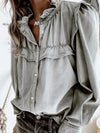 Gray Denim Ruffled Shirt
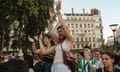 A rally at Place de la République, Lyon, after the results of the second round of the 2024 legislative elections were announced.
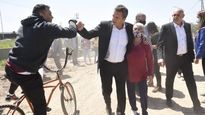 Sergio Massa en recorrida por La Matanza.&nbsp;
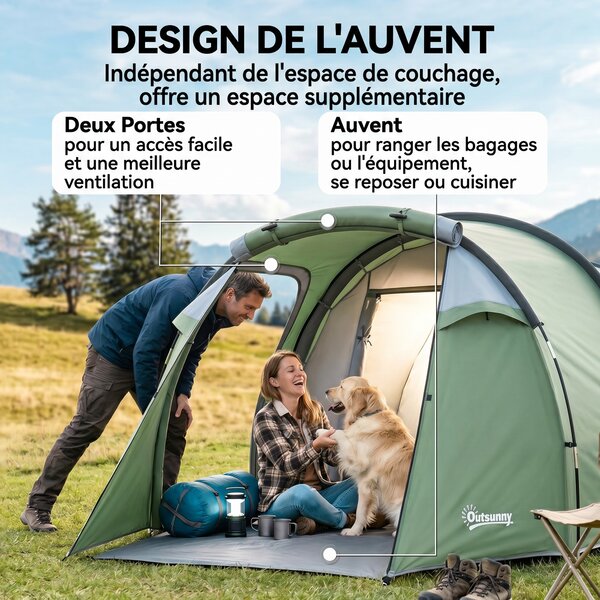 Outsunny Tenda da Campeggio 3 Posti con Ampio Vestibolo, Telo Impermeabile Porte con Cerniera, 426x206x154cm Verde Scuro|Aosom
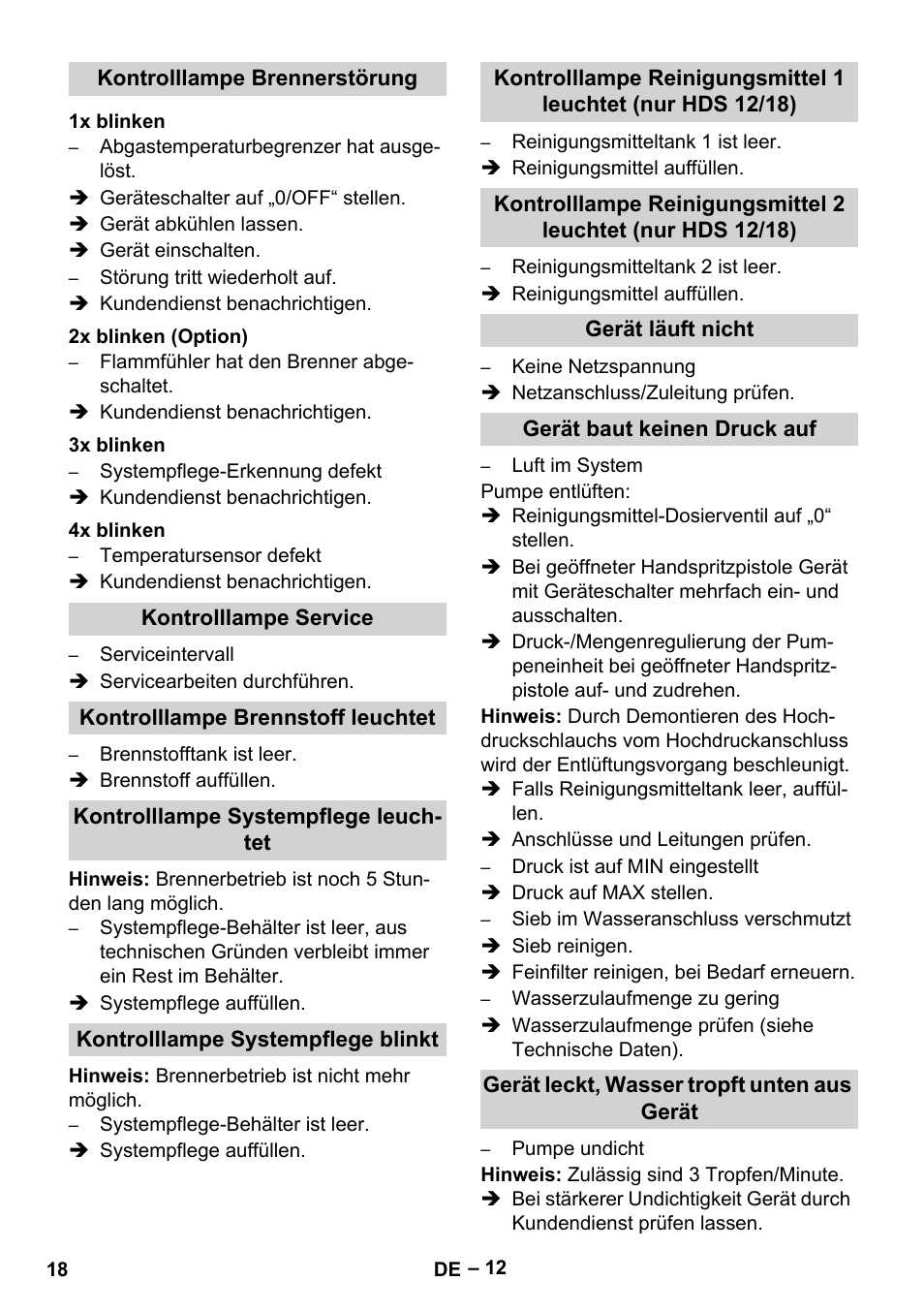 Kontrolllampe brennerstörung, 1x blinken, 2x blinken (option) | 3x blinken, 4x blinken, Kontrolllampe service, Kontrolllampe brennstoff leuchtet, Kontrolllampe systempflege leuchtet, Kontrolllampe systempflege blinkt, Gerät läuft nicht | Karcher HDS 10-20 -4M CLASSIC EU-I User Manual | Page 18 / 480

------------------------------------------------

**ACTION ITEM:**
Repeat the data above exactly, images excluded.

**WRITTEN RESPONSE:**
 Gray Denim Ruffled Shirt
 A rally at Place de la République, Lyon, after the results of the second round of the 2024 legislative elections were announced.
 Sergio Massa en recorrida por La Matanza.&nbsp;
 Outsunny Tenda da Campeggio 3 Posti con Ampio Vestibolo, Telo Impermeabile Porte con Cerniera, 426x206x154cm Verde Scuro|Aosom
 Kontrolllampe brennerstörung, 1x blinken, 2x blinken (option) | 3x blinken, 4x blinken, Kontrolllampe service, Kontrolllampe brennstoff leuchtet, Kontrolllampe systempflege leuchtet, Kontrolllampe systempflege blinkt, Gerät läuft nicht | Karcher HDS 10-20 -4M CLASSIC EU-I User Manual | Page 18 / 480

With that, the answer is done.